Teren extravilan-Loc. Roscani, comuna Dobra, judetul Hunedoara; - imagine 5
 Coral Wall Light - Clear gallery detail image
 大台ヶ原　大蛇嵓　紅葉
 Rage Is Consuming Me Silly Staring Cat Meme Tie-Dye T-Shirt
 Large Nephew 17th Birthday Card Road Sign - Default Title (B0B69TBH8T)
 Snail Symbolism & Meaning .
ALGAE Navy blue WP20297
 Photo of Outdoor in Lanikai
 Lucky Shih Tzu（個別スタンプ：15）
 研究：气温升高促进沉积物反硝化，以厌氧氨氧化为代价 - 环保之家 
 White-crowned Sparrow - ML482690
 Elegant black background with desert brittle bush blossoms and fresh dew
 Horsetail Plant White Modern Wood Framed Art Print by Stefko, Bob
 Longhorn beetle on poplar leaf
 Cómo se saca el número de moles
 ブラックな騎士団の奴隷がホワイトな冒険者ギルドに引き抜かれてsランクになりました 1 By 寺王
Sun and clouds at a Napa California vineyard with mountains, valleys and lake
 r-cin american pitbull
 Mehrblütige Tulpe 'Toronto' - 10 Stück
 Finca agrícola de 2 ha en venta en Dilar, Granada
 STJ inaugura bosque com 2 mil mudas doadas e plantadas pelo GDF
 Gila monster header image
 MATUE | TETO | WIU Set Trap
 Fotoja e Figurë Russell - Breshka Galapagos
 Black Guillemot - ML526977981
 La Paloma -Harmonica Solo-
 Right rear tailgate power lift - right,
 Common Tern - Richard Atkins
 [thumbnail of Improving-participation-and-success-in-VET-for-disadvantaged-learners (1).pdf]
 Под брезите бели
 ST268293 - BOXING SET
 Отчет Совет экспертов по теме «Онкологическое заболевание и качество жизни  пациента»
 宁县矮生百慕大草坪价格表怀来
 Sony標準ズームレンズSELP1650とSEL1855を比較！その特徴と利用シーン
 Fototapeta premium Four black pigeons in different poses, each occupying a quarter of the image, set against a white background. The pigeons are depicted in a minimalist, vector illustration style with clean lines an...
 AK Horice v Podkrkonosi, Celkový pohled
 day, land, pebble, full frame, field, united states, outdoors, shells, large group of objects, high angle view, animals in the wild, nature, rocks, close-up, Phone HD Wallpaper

—————

Look through the records for the string "background". Copy every line that has it.

 Elegant black background with desert brittle bush blossoms and fresh dew
 Fototapeta premium Four black pigeons in different poses, each occupying a quarter of the image, set against a white background. The pigeons are depicted in a minimalist, vector illustration style with clean lines an...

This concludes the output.